There was a season when our children were young and seemed to have a very limited vocabulary for people they did not like. The word they reached for most often was “stupid.” We worked to correct that habit, though I must admit I have not always been innocent of using it myself. It stings when spoken and lingers longer than we expect. Yet Jeremiah records a moment when God uses language that feels just as sharp. In Jeremiah 4:22, He says, “For my people are foolish; they know me not; they are stupid children; they have no understanding. They are ‘wise’—in doing evil! But how to do good they know not.” The issue is not a careless insult but a serious diagnosis. God’s people had become skilled in wrongdoing while remaining unfamiliar with what is good. It is a sobering reversal, and it reveals how far they had drifted from Him.

At the heart of this condition is a simple but weighty truth: they did not “know God.” In the Old Testament, to know God is not merely to gather information about Him but to live wisely in relationship with Him. Sin clouds that understanding. As Constance observed, sin “blinds the intellect” and draws the mind into folly, making wrong choices seem reasonable. That pattern is not confined to ancient Judah. It appears in our own lives when we become clever at justifying what we know is not right while struggling to practice what is good. We may pride ourselves on insight and experience, yet still miss the mark in simple acts of kindness or fairness. Jeremiah later explains what it means to know God through the example of King Josiah: “He defended the cause of the poor and the needy, and so all went well. Is that not what it means to know me? Declares the LORD” (Jeremiah 22:16). Knowing God shows up in how we treat others. When our actions turn selfish and harsh, it is a sign that something deeper is out of place.

The New Testament brings clarity to this idea by centering it in Jesus Christ.
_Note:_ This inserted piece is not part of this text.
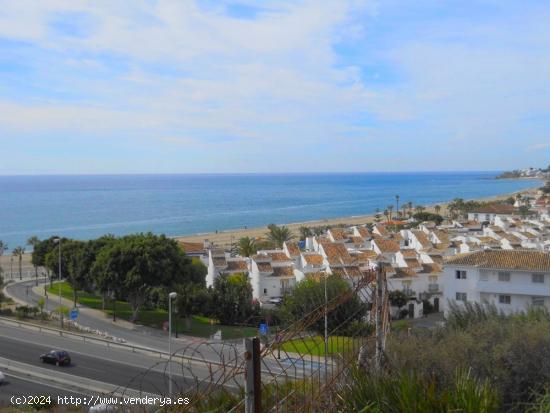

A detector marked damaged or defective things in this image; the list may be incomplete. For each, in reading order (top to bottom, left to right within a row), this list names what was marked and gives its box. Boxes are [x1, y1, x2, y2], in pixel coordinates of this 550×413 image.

rusted metal post [246, 336, 264, 410]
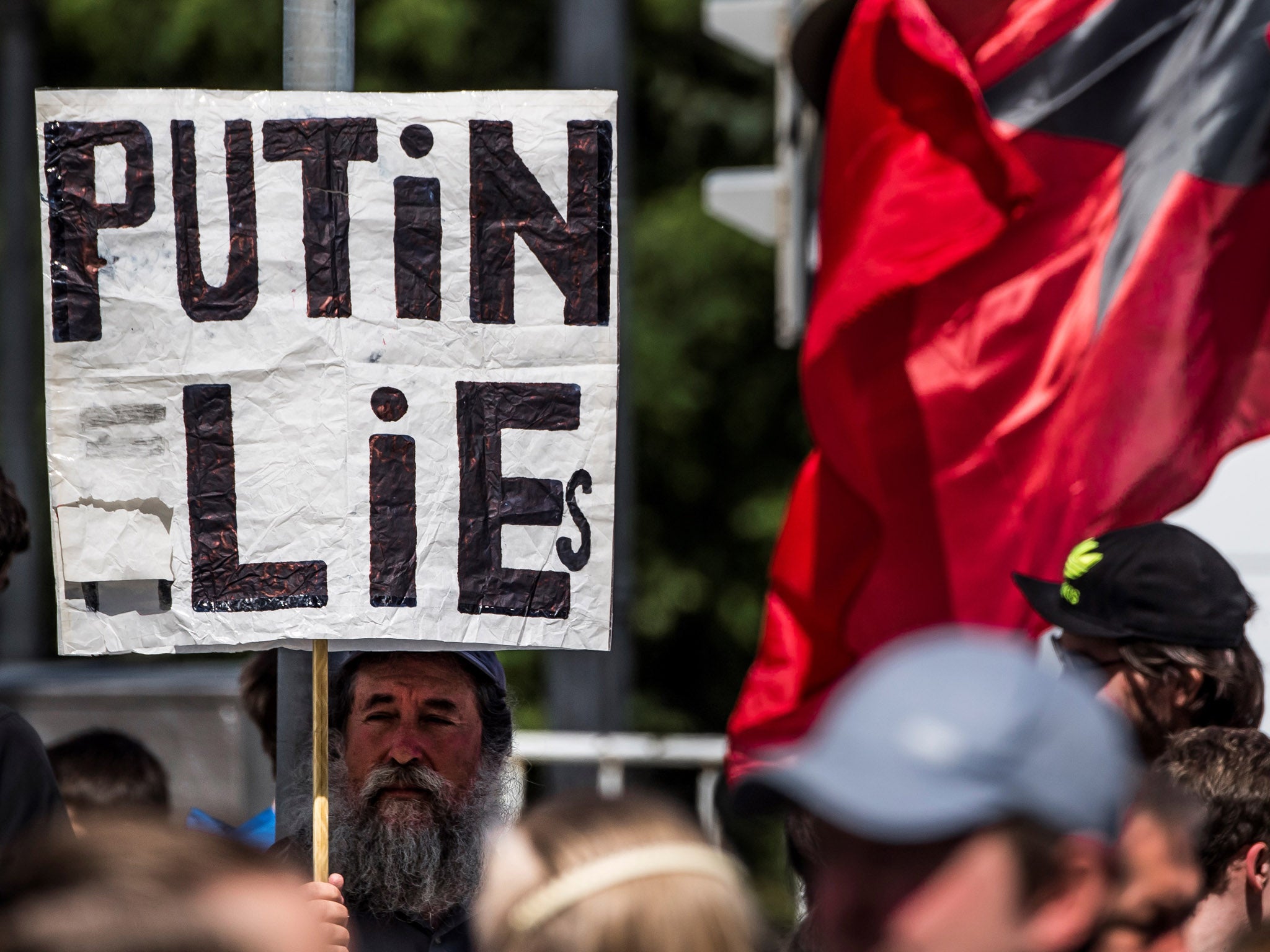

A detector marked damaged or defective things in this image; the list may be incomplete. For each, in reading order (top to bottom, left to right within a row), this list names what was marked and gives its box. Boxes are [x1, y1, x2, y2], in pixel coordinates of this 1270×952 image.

torn corner of sign [56, 503, 174, 586]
To know God is to know Him. Jesus said, “And this is eternal life, that they know you, the only true God, and Jesus Christ whom you have sent” (John 17:3). This knowledge is not abstract; it transforms how we live. The apostle James writes, “If any of you lacks wisdom, let him ask God” (James 1:5), pointing us to a wisdom that reshapes the heart. Paul adds that Christ has become for us “wisdom from God” (1 Corinthians 1:30). In Him, the confusion of sin gives way to clarity. What once appeared wise is exposed, and what once seemed difficult becomes possible through His work within us. Through Christ, knowing God moves from distant concept to living reality, and foolishness begins to give way to true understanding.